Transferido para este recinto onde me encontro, agora livre das marcas hediondas das regiões trevos as onde estive, permanecem as reminiscências dos erros, a amargura do insucesso, mas também a esperança do futuro acenando-me com oportunidades de reparação. " Quando silenciou, o suor porejava-lhe na face pálida e as lágrimas corriam-lhe em abundância silenciosa e depuradora.


Dona Matilde, traduzindo expressiva alegria no rosto, enquanto o filho se refazia, completou:

— A jovem, por haver sido vítima da própria ignorância e insensatez, foi amparada devidamente em outro pavilhão do nosso Hospital, e apesar desta Clínica ser dedicada a pacientes específicos, ele aqui foi amparado para receber assistência mais especializada através dos médiuns que cooperam com o nosso serviço de recuperação espiritual. "Conforme os amigos podem depreender, mais se pede àquele que mais recebe, de acordo com o ensinamento sábio de Jesus, e a responsabilidade do nosso Leôncio é muito grave em razão do seu profundo conhecimento do Espiritismo, que não soube aplicar como recurso e combustível para a auto-iluminação, preocupado como se encontrava em combater os outros, esquecido de si mesmo...

Mas, como tudo acontece conforme a vontade de Deus, haverá tempo para recomeço e trabalho, alegria e serviço, reparação e crescimento interior.

Hoje vivemos alegres, porque a minha nora querida tem estado conosco, e os filhos que ambos deixaram na Terra, felizmente conseguiram superar os traumas sofridos, não havendo, portanto, maiores danos como consequência da deserção ao dever.
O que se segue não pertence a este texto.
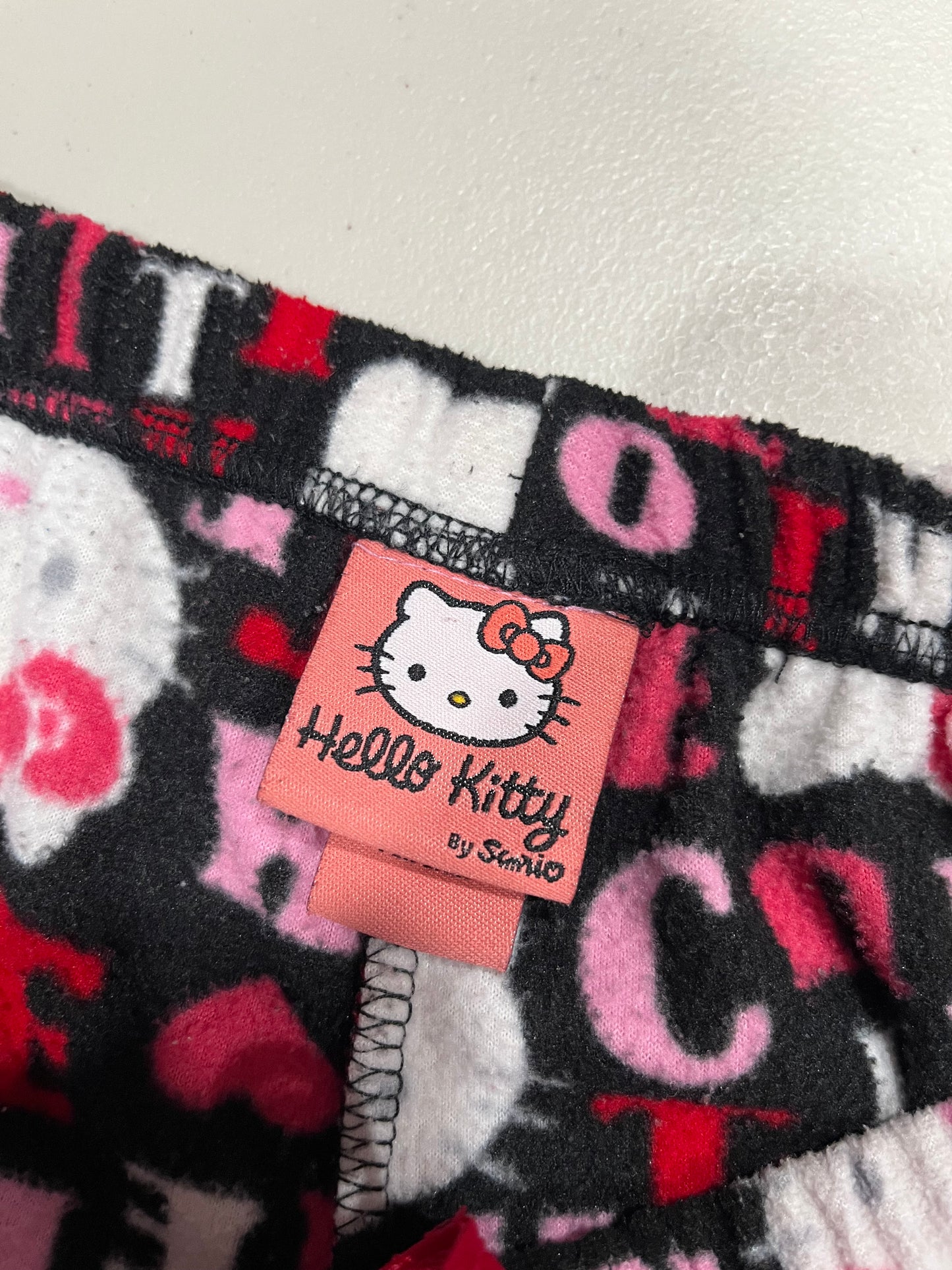 (L/XL) 2000s Hello Kitty PJ Pants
Sentia-me fascinado com o ocorrido com Leôncio e a mente esfervilhava de perguntas que a oportunidade não permitia apresentar.

Agradecendo-lhe a generosidade da narração edificante para mim e rica de advertências para todos os que dela tomem conhecimento, passamos a outros temas agradáveis, após o que, alguns minutos transcorridos, pedimos licença para nos afastarmos, prosseguindo com a nossa visita de aprendizagem e tomada de conhecimento dos fatores que levam o indivíduo que possui tudo, no entanto invigilante, a delinquir.
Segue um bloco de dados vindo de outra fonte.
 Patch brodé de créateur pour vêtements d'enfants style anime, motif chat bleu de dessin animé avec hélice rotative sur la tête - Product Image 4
Quanto é grave o comportamento de querer mudar o mundo sem a preocupação de realizar mudanças internas, fundamentais, para que, assim, o mundo venha a tornar-se melhor.

É sempre mais fácil exigir dos demais, impor ao próximo, vigiar os atos alheios, do que voltar-se para si mesmo, sendo exigente consigo e contemporizador com as deficiências que registre nas demais pessoas.